### Exercise description
Please keep the pictures out and write out exactly the lines from the first in the data below through the one containing "Email Body URL variable", both included.

### Given information
________

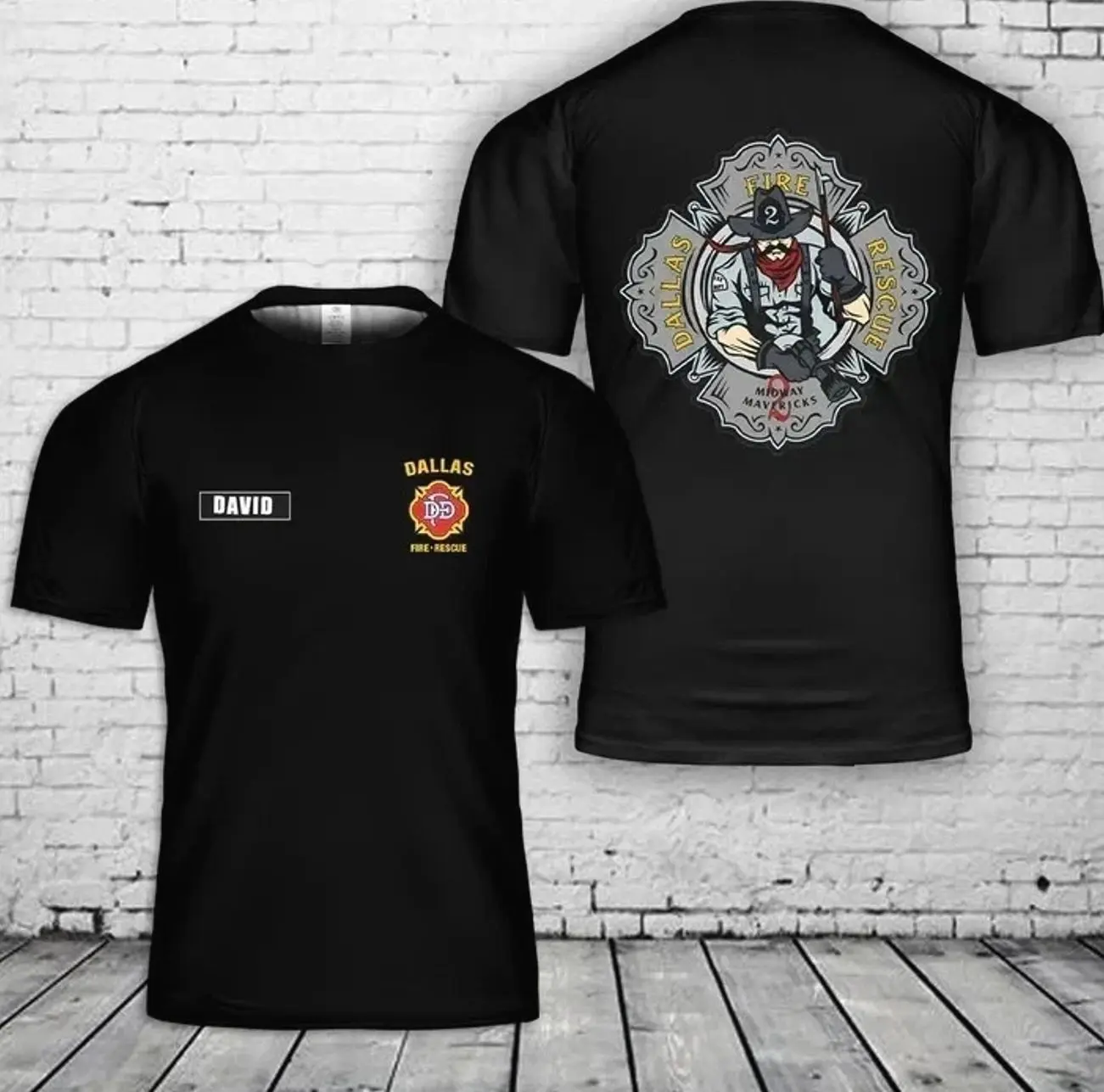 Custom Name Dallas Fire Rescue Fire Department Firefighter AOP 3D T-Shirt Veteran, US Army, Pride, Graphic T shirt UQH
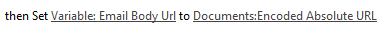 Email Body URL variable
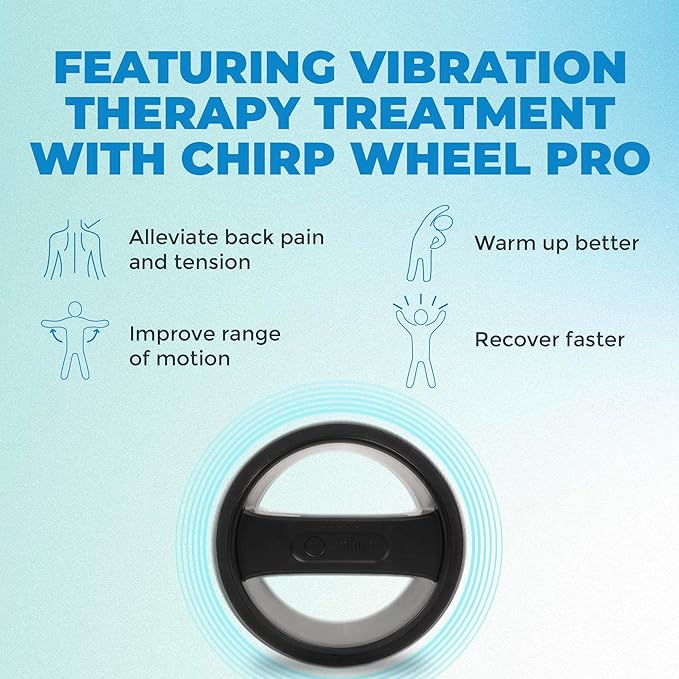 Chirp Wheel Pro Vibrating Massage Roller - 3 Speed Electric Massager for Back Pain Relief & Muscle Therapy, Workout Recovery, Physical Therapy, Yoga Massage | High Density Foam, 8" Black Up to 500 lbs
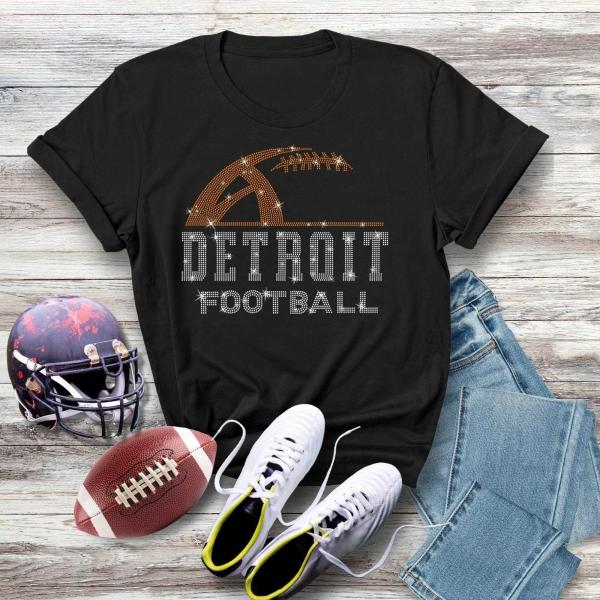 Detroit Rhinestone Sunday Football T-Shirt, Football Fan Apparel, Comfort Colors Vintage Sweatshirt, Unique and Eye-Catching Design Shirt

________

### Answer box
 Custom Name Dallas Fire Rescue Fire Department Firefighter AOP 3D T-Shirt Veteran, US Army, Pride, Graphic T shirt UQH
 Email Body URL variable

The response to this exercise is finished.